Décès de J. Jacques Samson: Québec perd un gros niqueur

Je le dis d’emblée, je suis content d’apprendre ce matin la mort du chroniqueur du Journal de Q, J. Jacques Samson.

Sous peine de sombrer dans la dépression et l’alcoolisme, je crois qu’il est sain de se réjouir de ce genre de petite victoire. Pourquoi? Parce que ça fait un chroniqueur de droite malhonnête de moins. Bien que le Journal de Q ne lésinera pas sur les efforts pour trouver un démagogue de droite pour le remplacer, je suis persuadé qu’il n’arrivera jamais à la hauteur de J. Jacques Samson.

Le malhonnête

Selon le caquiste Gérard Deltell, le passage de J.Jacques du Soleil au Journal de Québec, en 2004, «a donné beaucoup de crédibilité aux pages politiques du Journal».

Crédible, J. Jacques? Allons donc.

Dans l’article du Journal de Q consacré au décès de Samson, on y relève 2 de ses chroniques sous le libellé « Une grande carrière ». L’une de ces chroniques, écrite en 2013, s’intitule « Les parasites de l’ASSÉ ».

Je rappelle qu’il s’agit d’une chronique signalée par le Journal de Q comme étant remarquable, par rapport aux milliers qu’il a écrite dans sa trop longue carrière.

Dans cette chronique, Samson va d’une charge à fond de train contre l’ASSÉ. Je vous résume:

  • L’ASSÉ est un groupe extrémiste disposant d’une visibilité disproportionnée dans les médias comme Québec Solidaire.
  • Il n’y a pas de syndicalistes étudiants, que des clients étudiants.
  • Les membres de l’ASSÉ font « des sciences molles pas de maths » .
  • Les leaders étudiants d’antan étaient meilleurs.

Un ramassis de préjugés que n’a pas manqué de relever le Conseil de presse dans un jugement rendu en 2013. Le CPQ blâme…

« le journaliste Jean-Jacques Samson et Le Journal de Québec pour les griefs d’informations inexactes, d’expression de préjugés et de propos méprisants. »

– Décision du Conseil de presse, décembre 2013

Quand tu dis que plusieurs membres de ta profession considèrent que ton texte est bourré d’erreurs et que, malgré tout, ton journal le désigne comme dans les meilleures chroniques que tu as écrites, ça veut tout dire.

L’anti-peuple

J. Jacques Samson haïssait le peuple.
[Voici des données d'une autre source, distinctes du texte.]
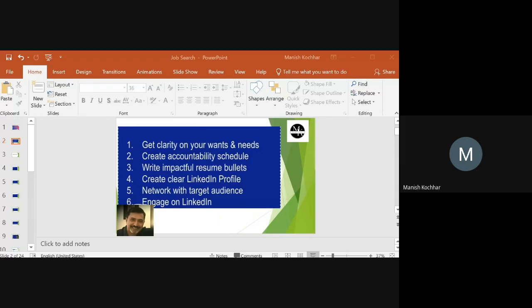Job search clarity — what does it involve? Basically it involves how you pick your target role, how you pick your target companies, and how you look inward and identify your skill gaps.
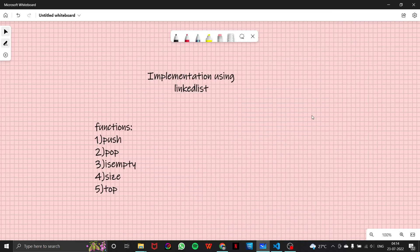Hello everyone, and welcome to another video of our stack series. In the previous video we learned about implementation of a stack using an array, and in this video we are going to learn about implementation of a stack using a linked list.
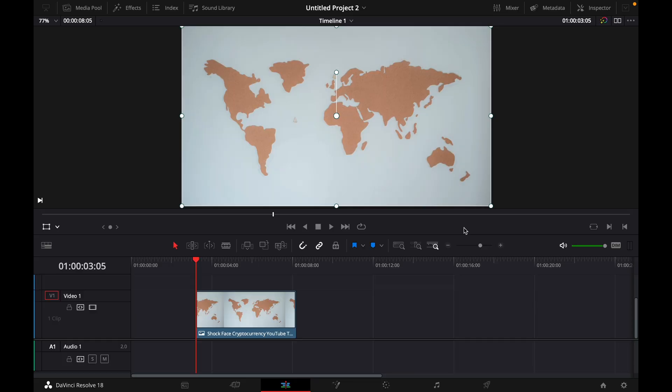Hey guys and welcome to a new video on how to do. Today I will show you how to make a map line animation in DaVinci Resolve 18.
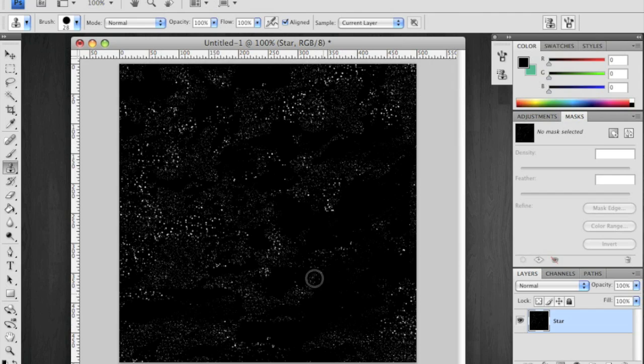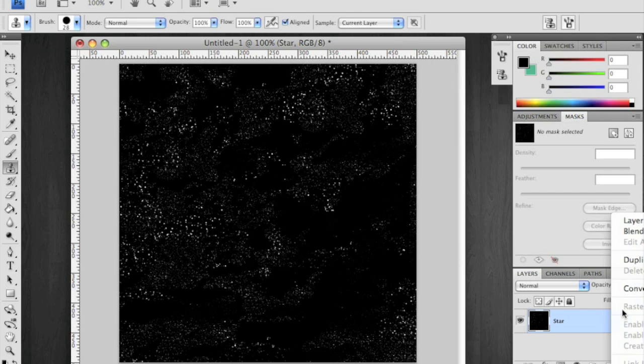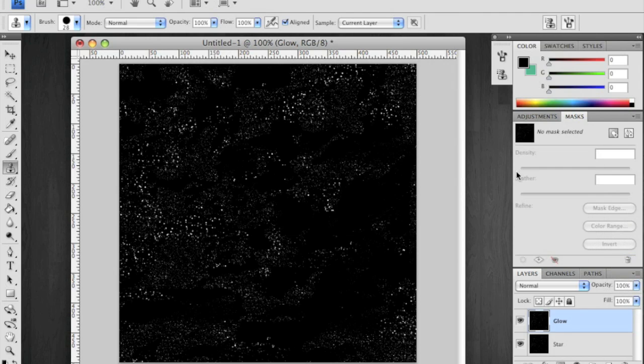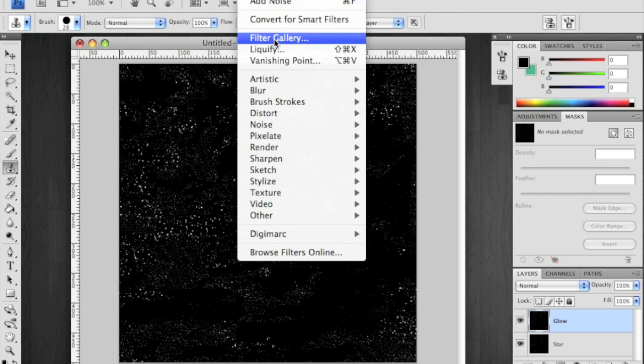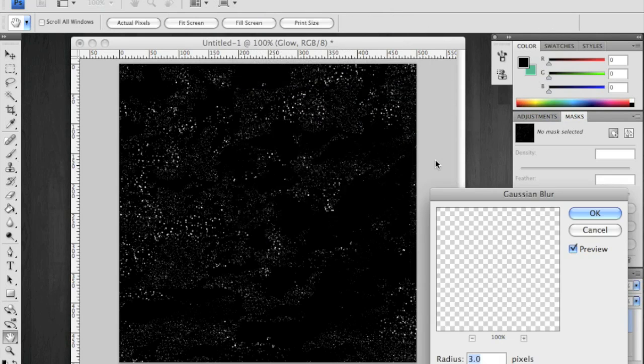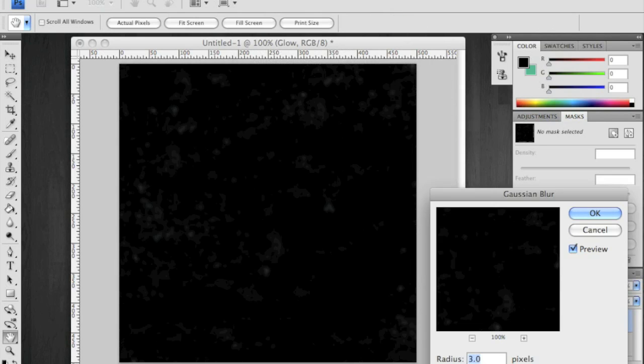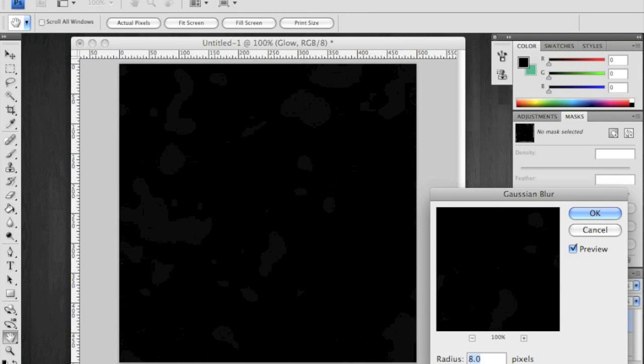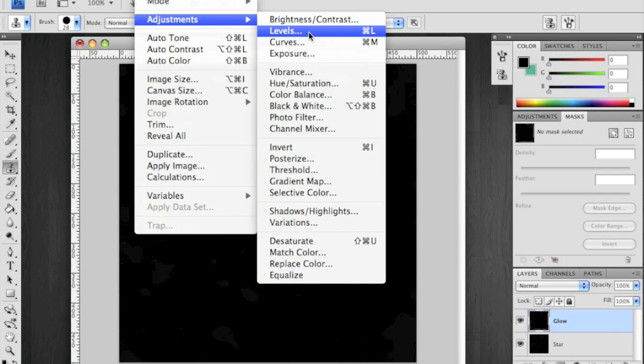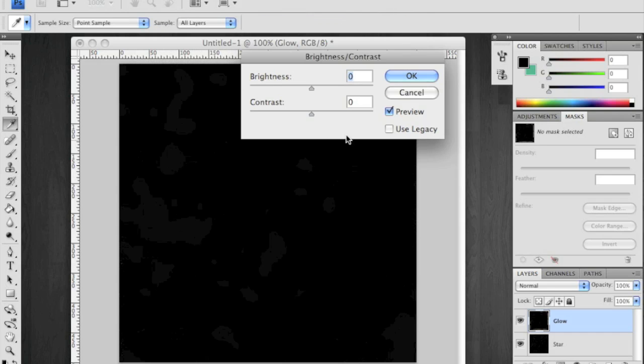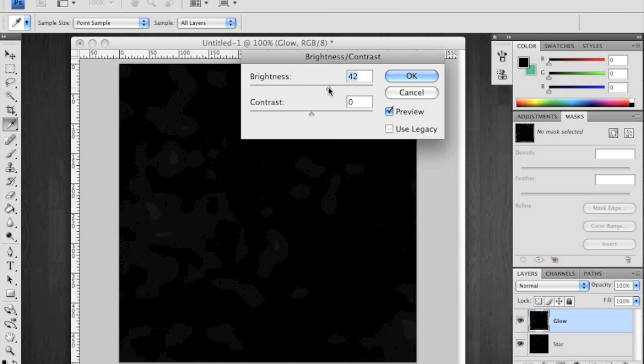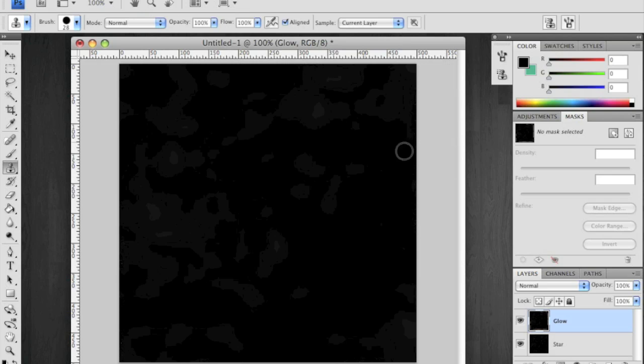All right. Looks good enough to me. Duplicate this layer, and we're going to call this Glow. Go to your filter, Blur, Gaussian Blur, crank it up. 8 is a good number.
Les étudiants, les femmes, les groupes communautaires, les syndicalistes. Envers la classe populaire, Samson n’avait que du mépris. Sans doute passait-il trop de temps au restaurant de l’Assemblée Nationale, en se dorant le foie gras avec l’élite de la société.

Un exemple récent; Sans même citer son nom, Samson réclame une punition sévère pour le jeune Esteban Torres. Son crime? Avoir lancé une boule de papier sur le premier ministre. Samson va même jusqu’à faire des comparaisons avec le meurtre d’une élue en Angleterre.

J. Jacques Samson a toujours défendu les gros contre les petits. Mais cette fois, comme quoi il y a bien une justice, ce seront les petits (vers) qui mangeront le gros, six pieds sous terre.

Relique d’un passé révolu, les riches, la droite et les nationalistes canadiens sont dans le deuil. Je lance une malédiction à tous ceux qui lui réclameront des funérailles nationales. Puissiez-vous tous étouffer avec vos taxes.